A long-acting formulation of the somatostatin analogue pasireotide has been approved for treatment of acromegaly in patients “who have had an inadequate response to surgery and/or for whom surgery is not an option,” the manufacturer, Novartis, has announced.
In a Dec. 16 statement, the company said that Food and Drug Administration approval was based on two phase III studies, one that enrolled medically naive patients with the rare endocrine disorder who had surgery previously or for whom surgery was not an option, and a study of patients who were not adequately controlled on treatment with other somatostatin analogues (SSAs). Treatment was effective in both populations, based on “higher rates of full biochemical control” (mean GH level under 2.5 mcg/L and normal IGF-1 levels) among those treated with long-acting pasireotide compared with the other SSA, according to Novartis.
The most common adverse events associated with treatment, affecting at least 20% of patients, were cholelithiasis, hyperglycemia, and diabetes, according to the prescribing information, which includes a warning about the risk of hyperglycemia and diabetes, bradycardia and QT prolongation, liver test elevations, and cholelithiasis.

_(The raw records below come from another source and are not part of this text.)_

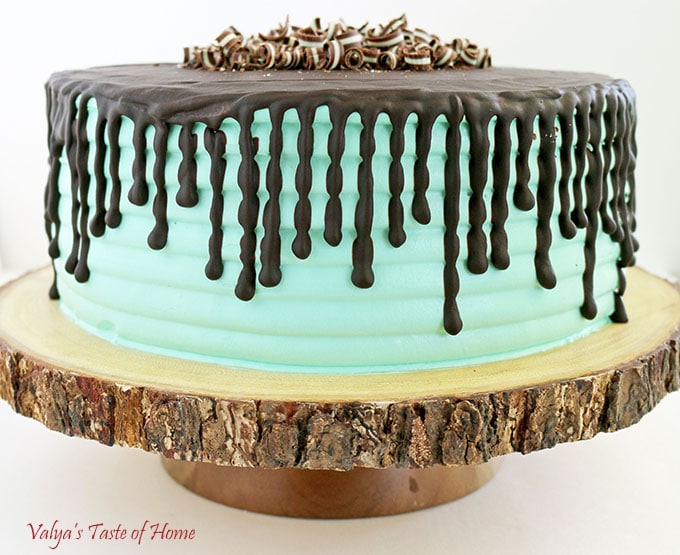 Your beautiful and delicious Mint Chocolate Cake is easy to be served. For a double dose of deliciousness, serve it with your favorite mint chocolate chip ice cream!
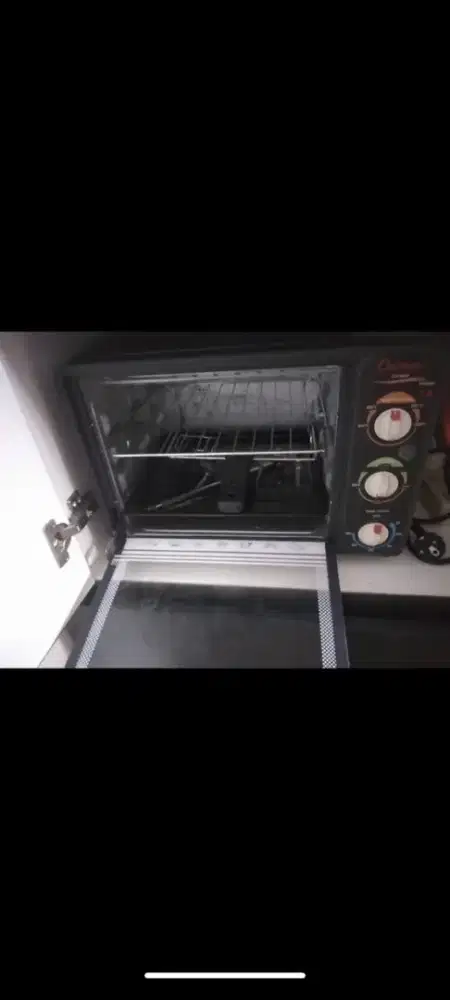 Oven merk cosmos 25l
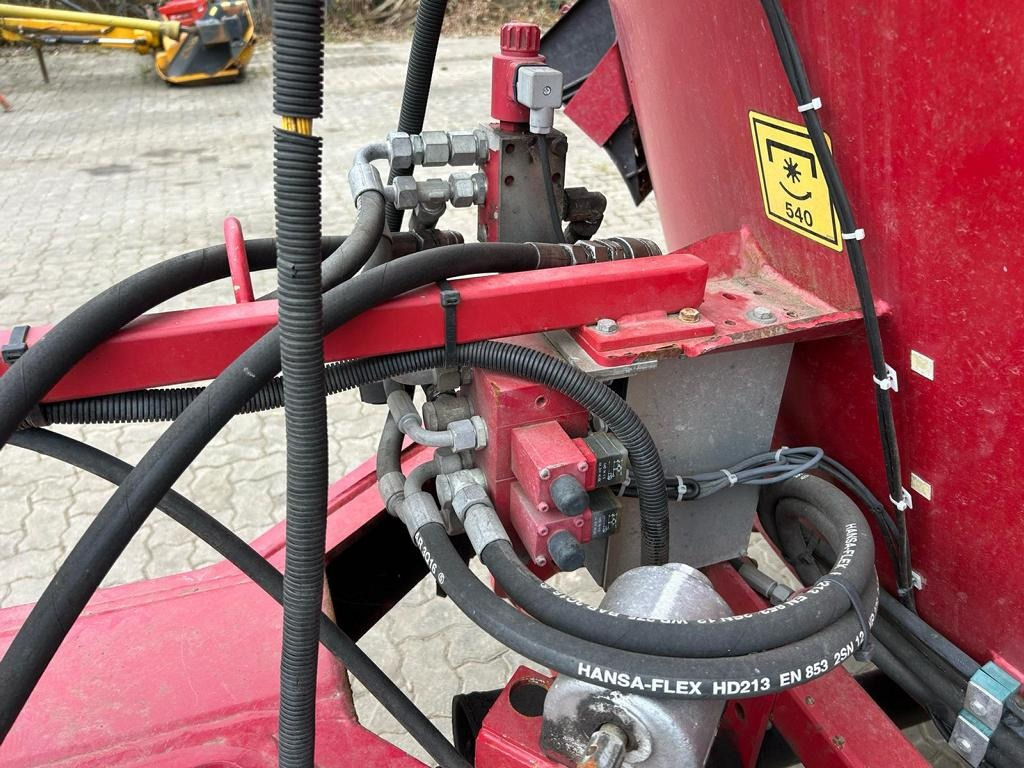 BVL V-MIX PLUS 13-1S - Миксер-вагон: снимка 4 BVL V-MIX PLUS 13-1S - Миксер-вагон: снимка 4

A regular formulation of pasireotide was approved by the FDA in 2012, for the treatment of adults with Cushing’s disease “for whom pituitary surgery is not an option or has not been curative.” It is marketed as Signifor. The long-acting formulation, administered intramuscularly once a month, will be marketed as Signifor LAR . In November 2014, it was approved in Europe for the acromegaly indication, Novartis said.